Going Global: A Handbook for Sustainable Entrepreneurs is part of the Sustainable Entrepreneur’s Library of Resources for Globalization. The first guide in the Handbook provides an overview to globalization that begins by discussing the reasons that firms are looking to globalize their businesses and the advantages that may be realized from entering new markets and tapping into foreign sources for functional skills, technology and management expertise. Also included is a discussion of the various types of foreign markets and the strategies that companies may use for market entry and for overcoming some of the challenges associated with building an international company. The guide also covers globalization in developing countries including the degree to which those countries are integrated into the larger global economy and the strategies that firms from those countries are using to exploring foreign markets for sales, capital, human resources, technology and other business activities.
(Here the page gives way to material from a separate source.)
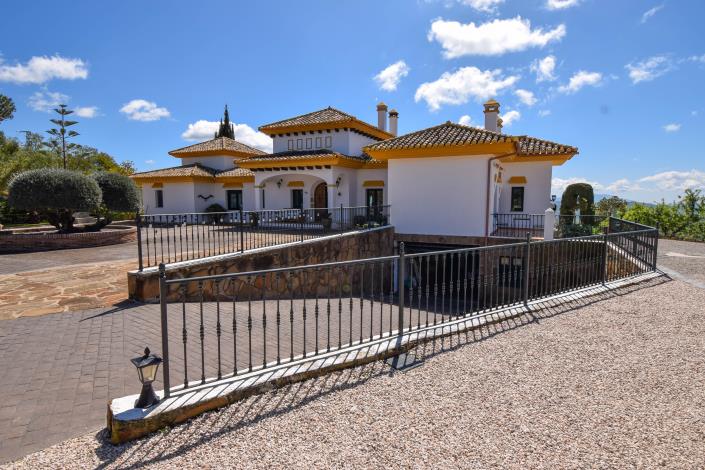 Image No.33-5 Bed Property for sale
The second guide in the Handbook discusses the challenges of designing a global organization and explores various strategies and structure that might be selected by growth-oriented entrepreneurial firms. The third guide in the Handbook covers a variety of topics relating to managing global business activities including evaluating foreign markets and developing an international business plan and export planning. The fourth guide in the Handbook lays out the framework for building and managing a global compliance program and includes specific chapters on import and customs compliance, export compliance, antibribery compliance and antiboycott compliance. The fifth guide in the Handbook discusses selling in foreign markets including export planning and negotiating and documenting international sales arrangements. The sixth guide in the Handbook discusses purchasing in foreign markets including import planning and negotiating and documenting international purchase arrangements. The seventh guide in the Handbook covers investing and operating in foreign markets including various strategies such as establishing foreign branches and subsidiaries, international strategic alliances and joint ventures, cross-border investments and cross-border mergers and acquisitions.
The Handbook closes with a Sustainable Entrepreneurship Project Research Paper that surveys cross-cultural studies and begins with the thorny and difficult issue of defining the term “culture” which is addressed by documenting various definitions offered by researchers from different fields and listing and discussing certain fundamental properties and components of culture that appear to be commonly recognized in the field. The Research Paper moves on to describe of the evolution and development of cross-cultural studies, including the search for universal questions and issues of the human condition that eventually led to a proliferation of models of cultural dimensions that are described in detail in the Research Paper. The Research Paper also explores “country clusters”, which are groups of two or more countries that are deemed to be similar enough according to relevant dimensions to be grouped together. The Research Paper discusses the dimensions most commonly relied upon in the clustering process and summarizes clusters identified in some of the major cross-cultural research studies. In addition, the Research Paper includes additional information regarding the various clusters such as tendencies of their members with regard to cultural values and preferred leadership styles and behaviors.